Kathy Bury didn't discover art until her retirement.

Kathryn Bury never took art classes while growing up in Barrie – with the exception of one music class, in Kindergarten.

“That was a long time ago and money was not spent on art,” said Bury, who turns 85 this year. “Certainly, in high school they had the Barrie band, but we really didn’t have art.”

It was a different era, she said. There was no television; instead, she said, “When we were kids growing up, we had a stand-up radio. We sat around it at night.” 

There were movies – and a dime allowance was enough to pay for a big bag of popcorn “with a toy,” and the matinee.

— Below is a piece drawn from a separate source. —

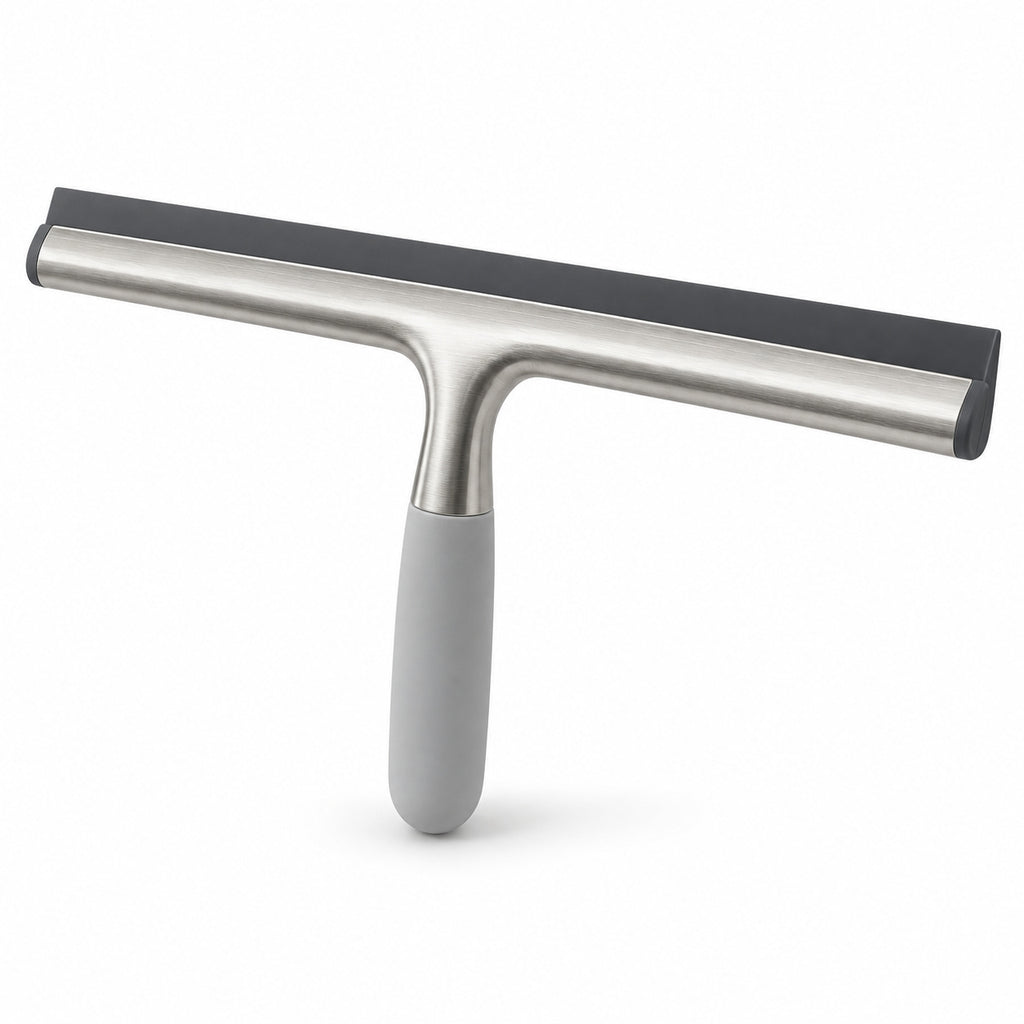 Hunitere Silver-Tone Window Squeegee with Gray Handle and Wide Blade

“Art and music and things like that – your parents either had to have the money to pay for outside classes, or you didn’t have it,” she said.

It wasn’t until she and her husband Stan retired and moved to Bradford from Toronto, that Bury discovered what she calls her “great adventure”: art.

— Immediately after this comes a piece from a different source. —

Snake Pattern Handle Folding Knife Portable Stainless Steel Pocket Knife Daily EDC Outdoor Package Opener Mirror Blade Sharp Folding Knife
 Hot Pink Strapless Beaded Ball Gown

Retired, new to the community, without a network of friends, Bury decided she needed to get out and meet people. She checked the local papers, saw a course on photography and signed up – only to be told the class had been cancelled.

“They said the only thing they had was this art course with Donnah Cameron, so I said, ‘Why not’?” said Bury. “I walked into class and nearly died of shock.”

Everyone else seemed to know what was going on. They had all brought paintbrushes, paper and water colour paints to the class. Bury had to ask the instructor for a list of supplies.  

“After spending the money on the course and the supplies, I thought I’d better learn,” she said – but it didn’t come easy.

Frustrated when she tried to paint trees, she asked Cameron for help. Cameron told her to go home and paint one thousand trees. “She said when I’ve painted 1,000 trees, I’ll be able to paint one,” Bury remembered. “I painted not quite a thousand, but a lot of trees.”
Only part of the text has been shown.